§ **About this exercise**:
Pictures aside, reproduce exactly each line from the one holding "Bệnh tan máu" through the last line of the material, both ends included.
================================
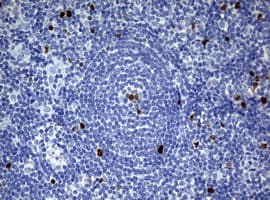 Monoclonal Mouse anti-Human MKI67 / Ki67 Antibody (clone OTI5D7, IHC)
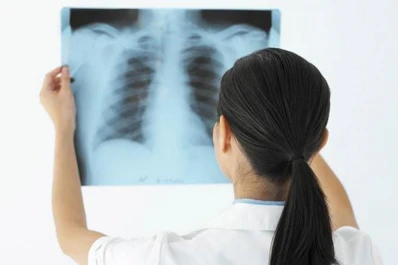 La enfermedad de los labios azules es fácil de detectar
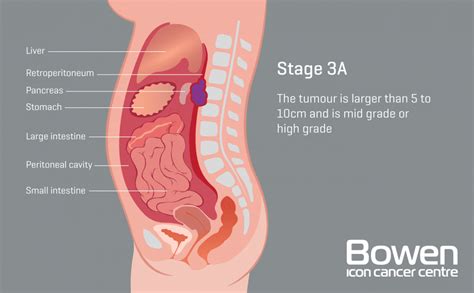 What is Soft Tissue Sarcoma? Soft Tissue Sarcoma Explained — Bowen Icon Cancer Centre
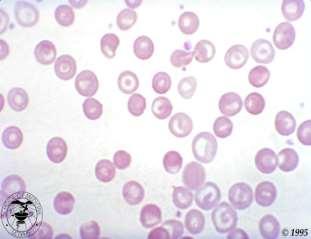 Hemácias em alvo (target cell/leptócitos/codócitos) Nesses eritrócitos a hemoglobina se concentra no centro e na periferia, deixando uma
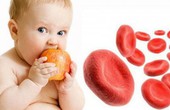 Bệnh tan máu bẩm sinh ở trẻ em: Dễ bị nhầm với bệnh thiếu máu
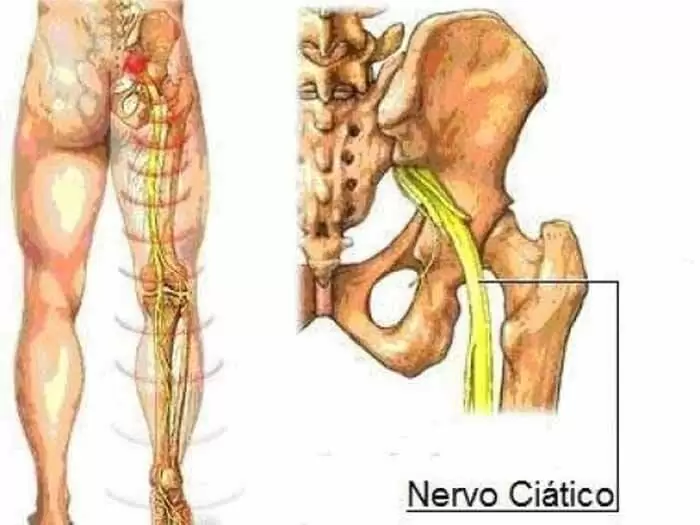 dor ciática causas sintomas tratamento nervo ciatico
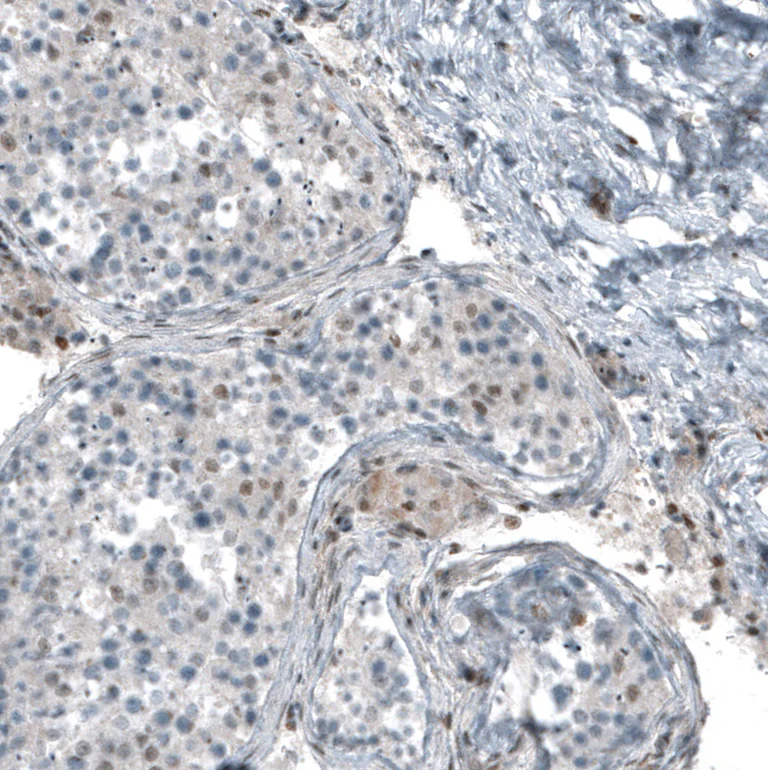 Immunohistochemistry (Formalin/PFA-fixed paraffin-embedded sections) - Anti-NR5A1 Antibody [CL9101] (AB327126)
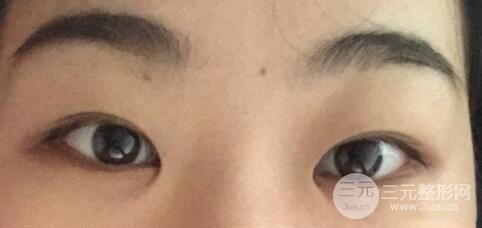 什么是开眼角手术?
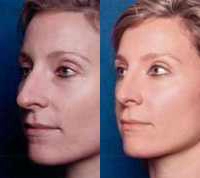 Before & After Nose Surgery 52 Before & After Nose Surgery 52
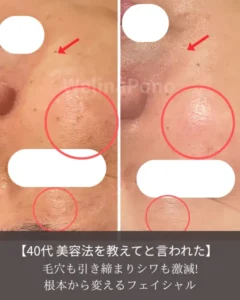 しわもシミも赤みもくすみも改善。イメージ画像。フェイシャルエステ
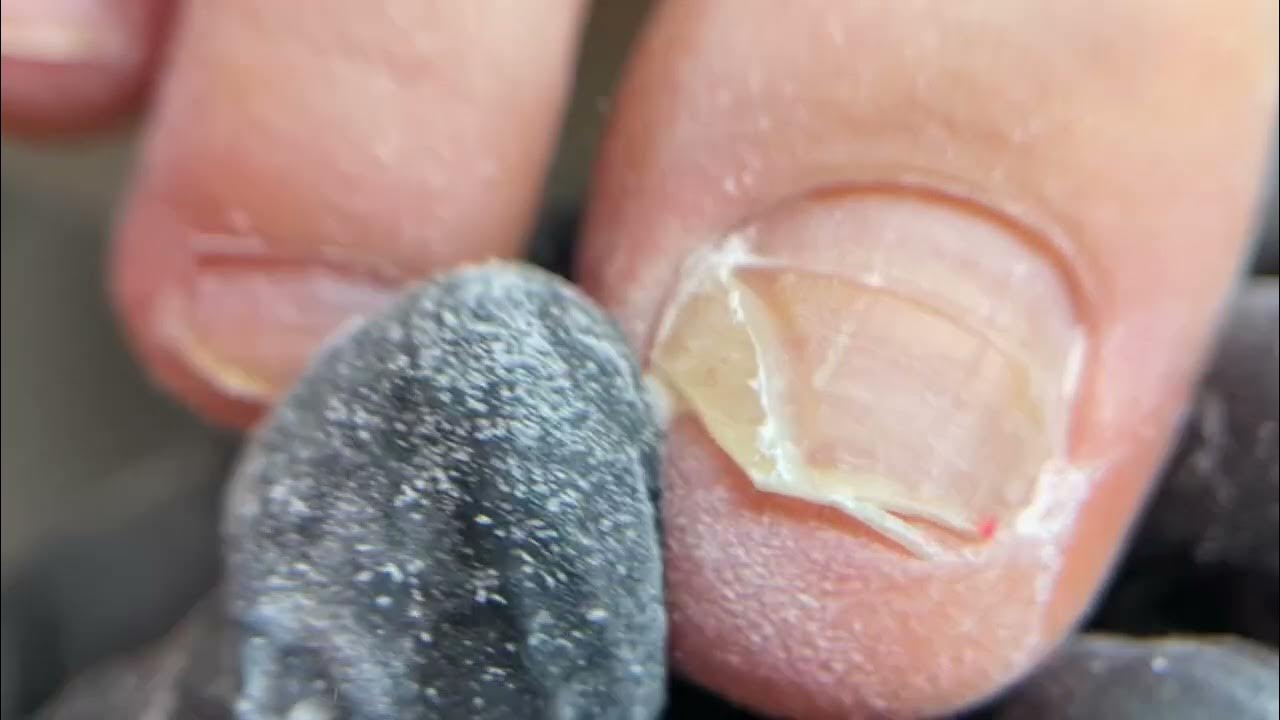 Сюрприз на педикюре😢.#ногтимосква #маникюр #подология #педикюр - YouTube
================================
§ **Reply to the task**:
 Bệnh tan máu bẩm sinh ở trẻ em: Dễ bị nhầm với bệnh thiếu máu
 dor ciática causas sintomas tratamento nervo ciatico
 Immunohistochemistry (Formalin/PFA-fixed paraffin-embedded sections) - Anti-NR5A1 Antibody [CL9101] (AB327126)
 什么是开眼角手术?
 Before & After Nose Surgery 52 Before & After Nose Surgery 52
 しわもシミも赤みもくすみも改善。イメージ画像。フェイシャルエステ
 Сюрприз на педикюре😢.#ногтимосква #маникюр #подология #педикюр - YouTube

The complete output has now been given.